# RECORDED INFORMATION
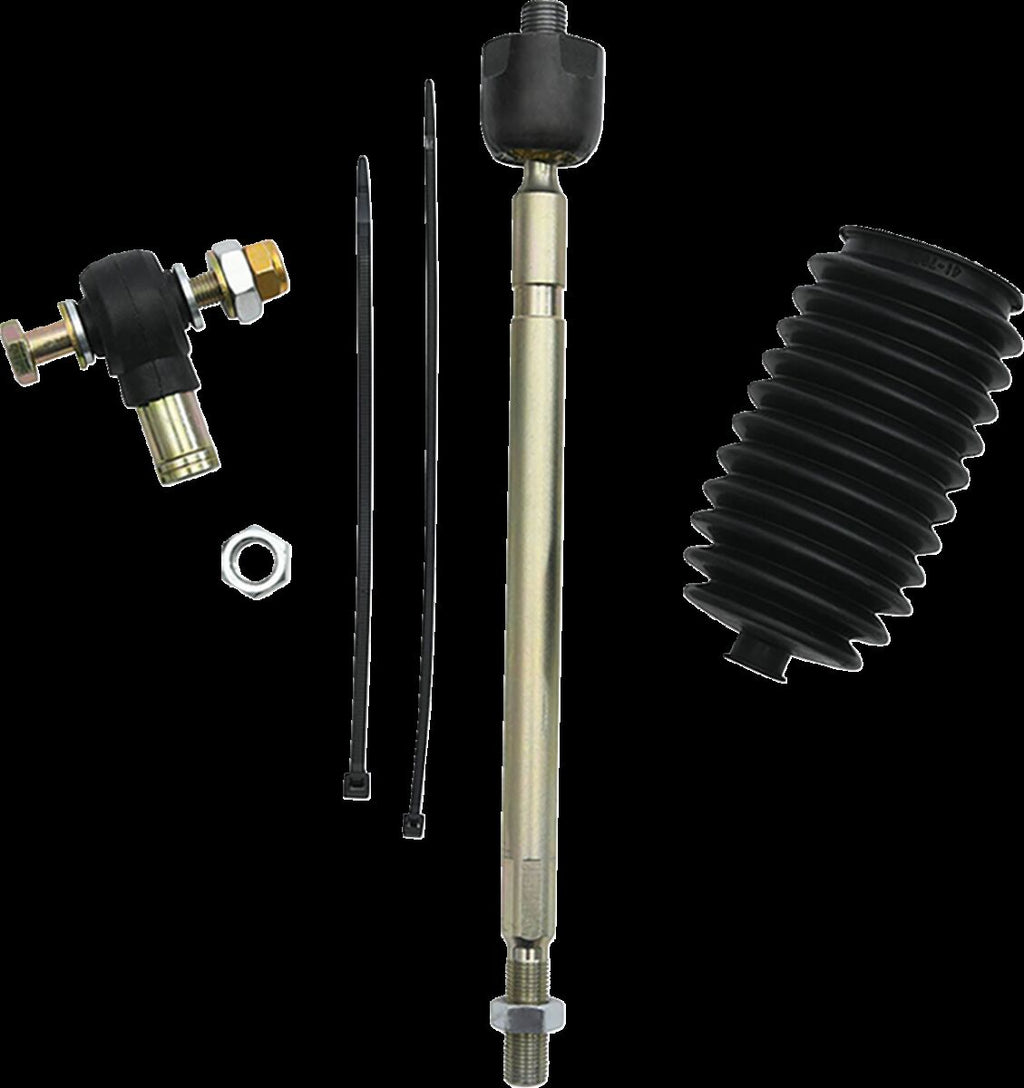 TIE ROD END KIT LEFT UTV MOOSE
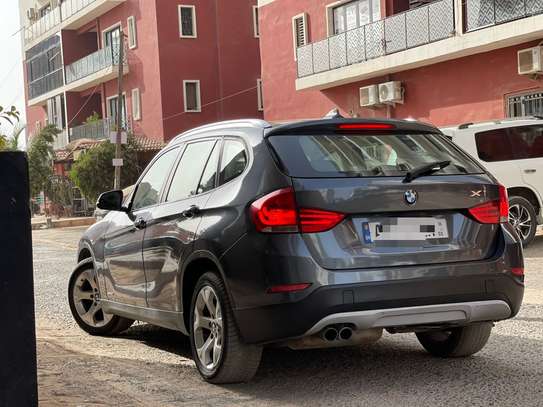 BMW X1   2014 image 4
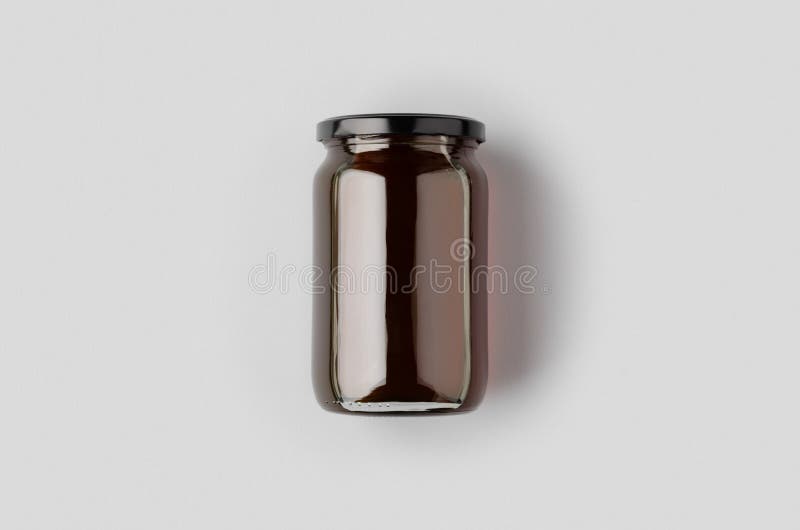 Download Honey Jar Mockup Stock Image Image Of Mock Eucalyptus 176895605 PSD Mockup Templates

# TASK TO COMPLETE
Would you retype the listing above exactly, omitting its pictures?

# RESPONSE AREA
 TIE ROD END KIT LEFT UTV MOOSE
 BMW X1   2014 image 4
 Download Honey Jar Mockup Stock Image Image Of Mock Eucalyptus 176895605 PSD Mockup Templates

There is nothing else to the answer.